Give back exactly the lines from the start of the entries below to the line holding "Auriculares Philips con", that line included, and leave every picture out.
+++
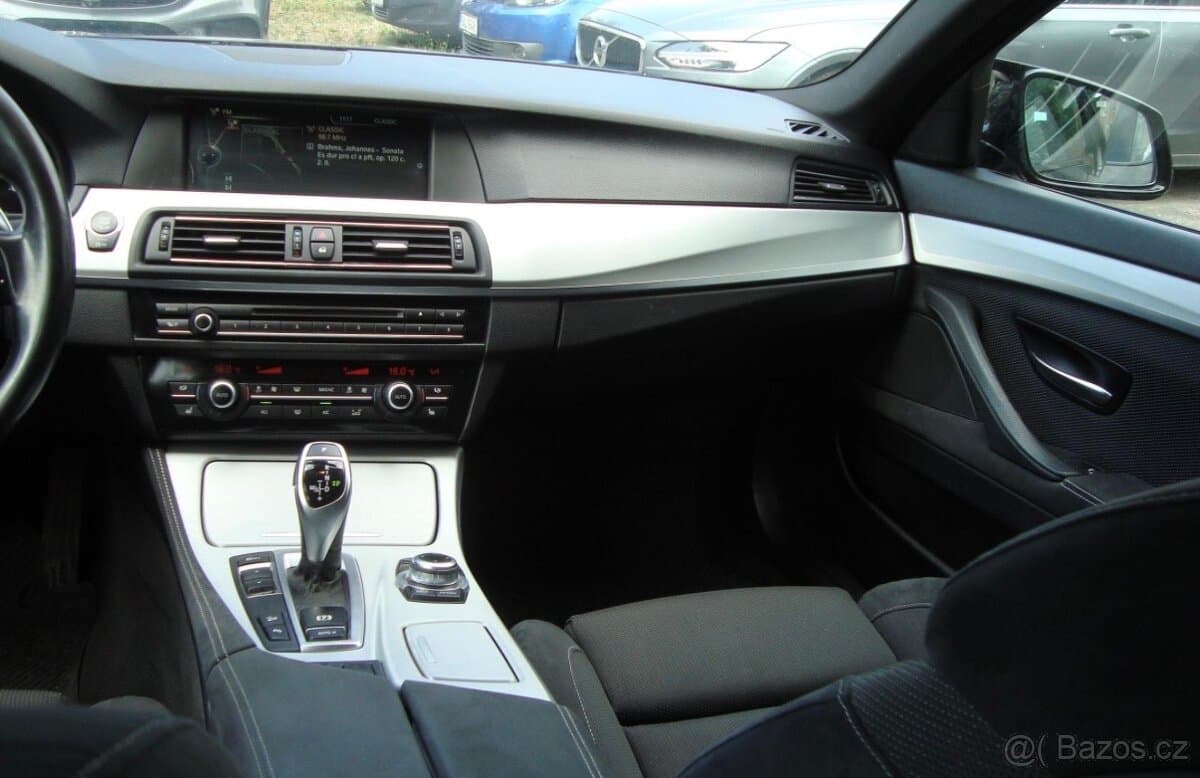 2013 BMW 5-SERIES - 12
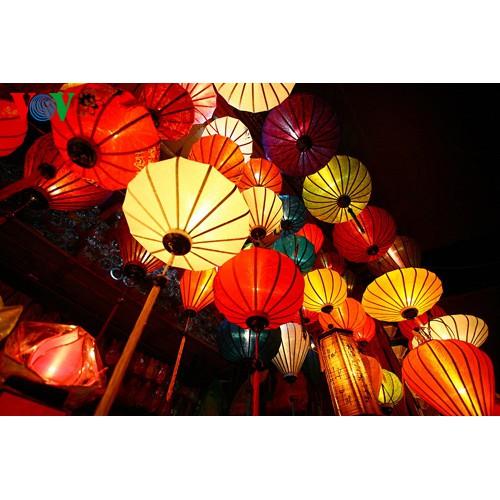 Đèn lồng khung sắt dáng tỏi, hoặc dáng khác họa tiết tùy chọn: size 30cm - 45cm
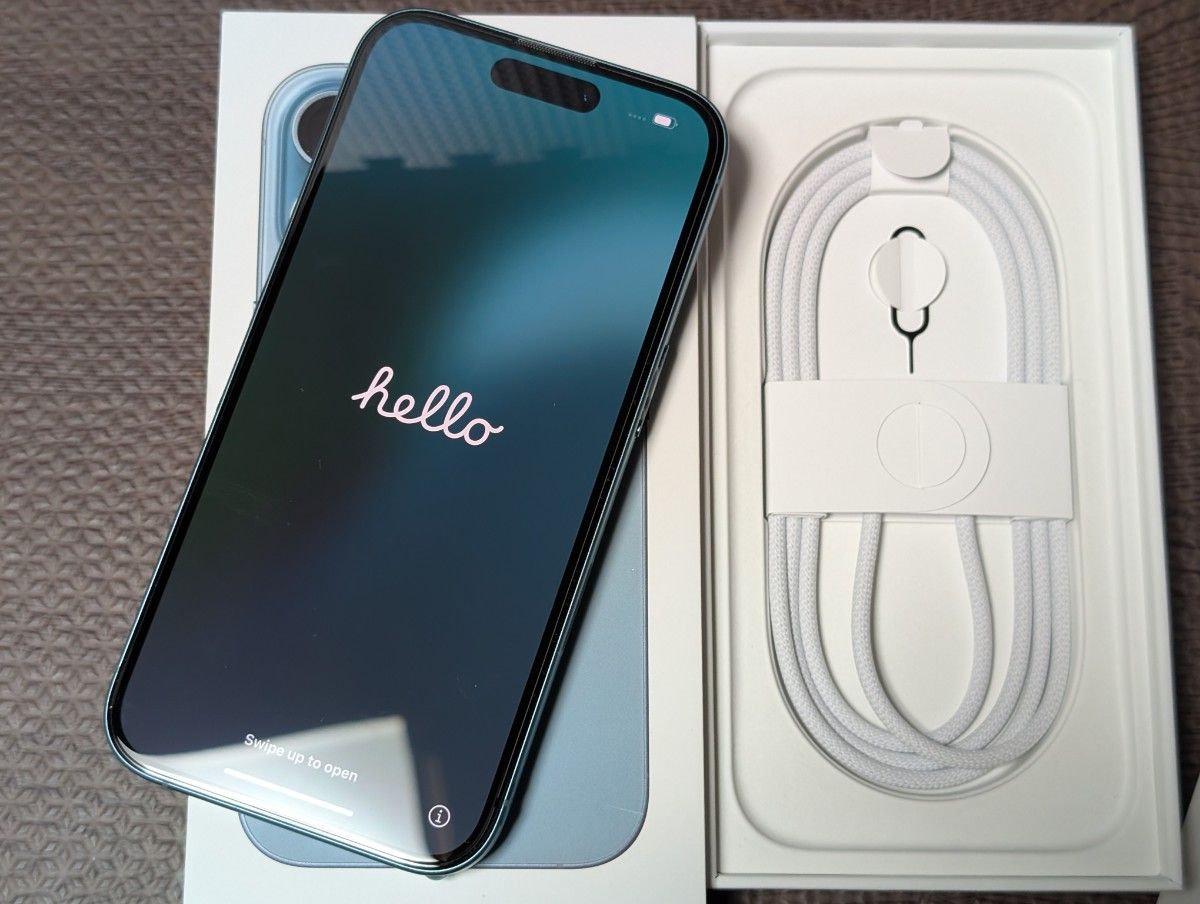 新品同様 極上美品 アップルストア版 SIMフリー iPhone 16 128GB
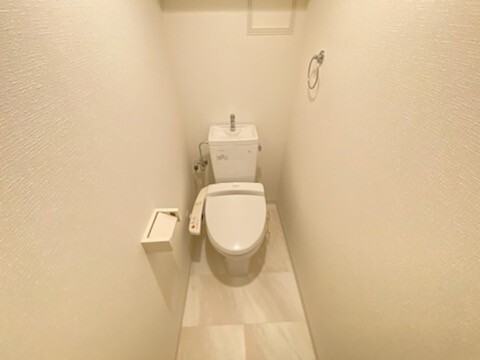【Ｓ－ＦＯＲＴ六番町のトイレ】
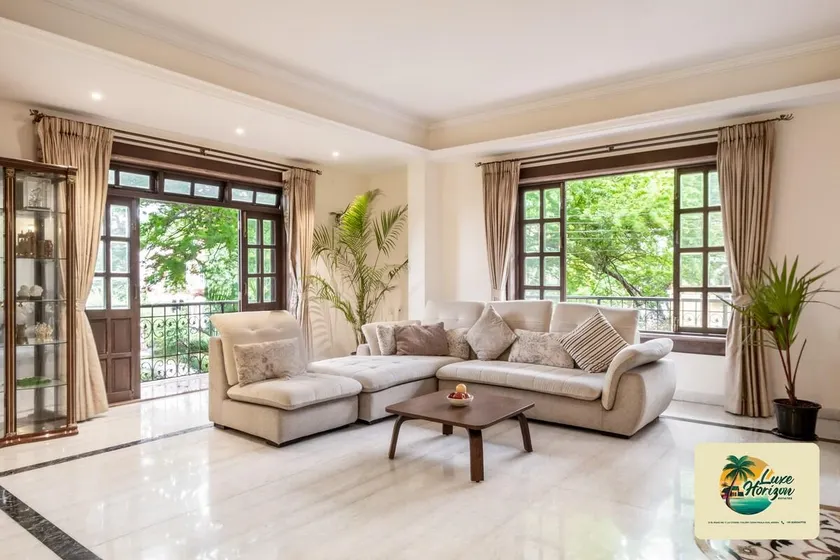 LuxeHorizon 8BHK Luxury Villa - Image 1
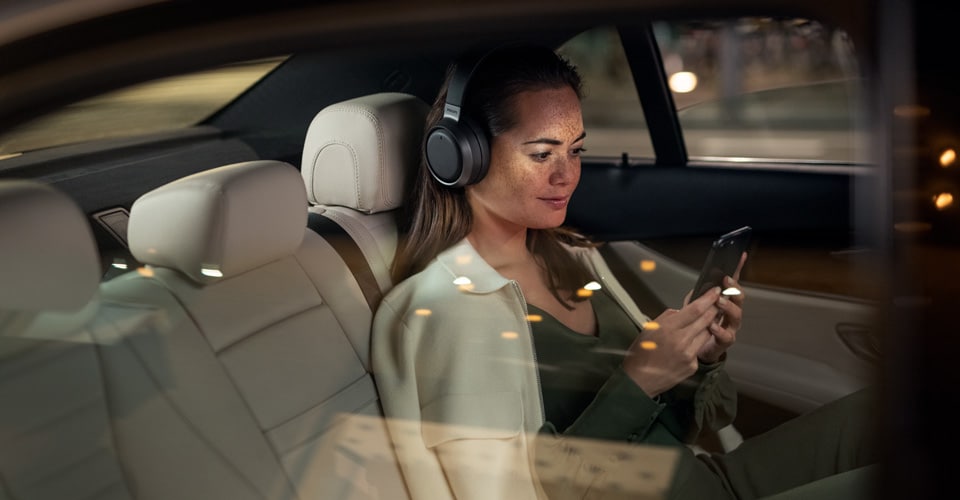 Auriculares Philips con cancelación de ruido en el trayecto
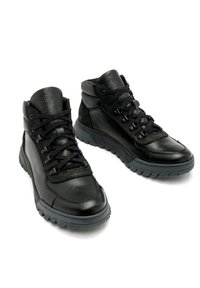 Czarne skórzane buty za kostkę z teksturowanymi panelami, sznurowanym zapięciem, wyściółką przy kostce i szarym gumowym obcasem.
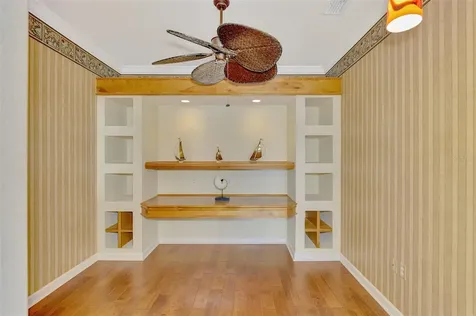 4914 Lakescene Place Sarasota FL 34243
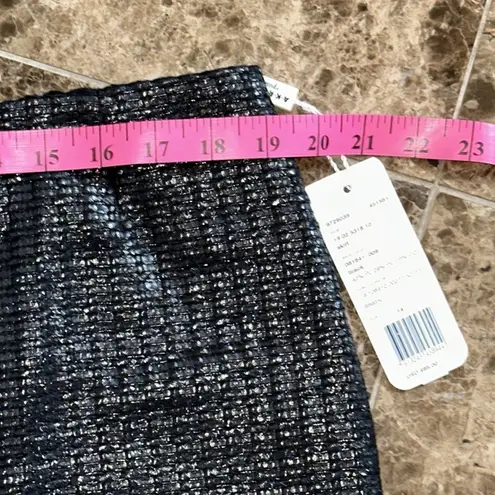 Akris Punto  pencil skirt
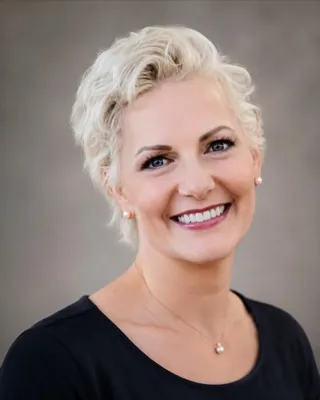 Janice Hoscan, LMFT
+++
TASK RESPONSE:
 2013 BMW 5-SERIES - 12
 Đèn lồng khung sắt dáng tỏi, hoặc dáng khác họa tiết tùy chọn: size 30cm - 45cm
 新品同様 極上美品 アップルストア版 SIMフリー iPhone 16 128GB
【Ｓ－ＦＯＲＴ六番町のトイレ】
 LuxeHorizon 8BHK Luxury Villa - Image 1
 Auriculares Philips con cancelación de ruido en el trayecto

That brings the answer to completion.